EAAI Journal 2026 Journal Article
Active detection-based concept drift adaptive approach for coal mill condition monitoring
- Jian Xu
- Yuguang Niu
- Ming Du
- Jun Yao
- Guoxiong Zhu
The coal mill plays an important role in coal-fired power plants, as its operational condition affects overall efficiency and reliability. Consequently, condition monitoring of coal mills has received increasing attention. However, existing data-driven methods typically assume stationary data distributions and lack the adaptability required to handle concept drift arising from equipment aging, operational fluctuations, and fuel variations. To address these challenges, a novel active detection-based concept drift adaptive approach is proposed for long-term condition monitoring of coal mills. Instead of relying on periodic retraining, the proposed approach employs an active detection mechanism to autonomously initiate updates upon the identification of drift.
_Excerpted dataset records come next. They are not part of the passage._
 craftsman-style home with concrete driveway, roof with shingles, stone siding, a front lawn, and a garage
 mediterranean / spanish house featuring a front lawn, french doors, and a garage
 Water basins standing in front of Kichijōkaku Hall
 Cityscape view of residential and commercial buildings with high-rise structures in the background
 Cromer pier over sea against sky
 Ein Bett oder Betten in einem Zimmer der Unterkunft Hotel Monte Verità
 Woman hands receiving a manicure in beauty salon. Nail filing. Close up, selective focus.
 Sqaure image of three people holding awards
This approach consists of three main components: feature extraction, drift detection, and model adaptation. Specifically, the dual-channel graph temporal convolutional network is designed to extract robust spatio-temporal features. The sliding window-based drift detection method is proposed to dynamically adjust detection thresholds and identify drift points. In addition, the complementary learning system-based incremental learning method integrates both short-term and long-term memory mechanisms with a triple-trigger update strategy to ensure timely and reliable model adaptation. Validated on real-world data from a coal-fired power unit, the proposed approach accurately issued two early fault warnings without false alarms over a continuous 102-day monitoring period. Importantly, the model required only seven updates during this period, indicating its ability to adapt effectively to evolving data distributions with minimal intervention. These results indicate that the proposed approach offers a practical and reliable solution for intelligent operation and maintenance in industrial settings.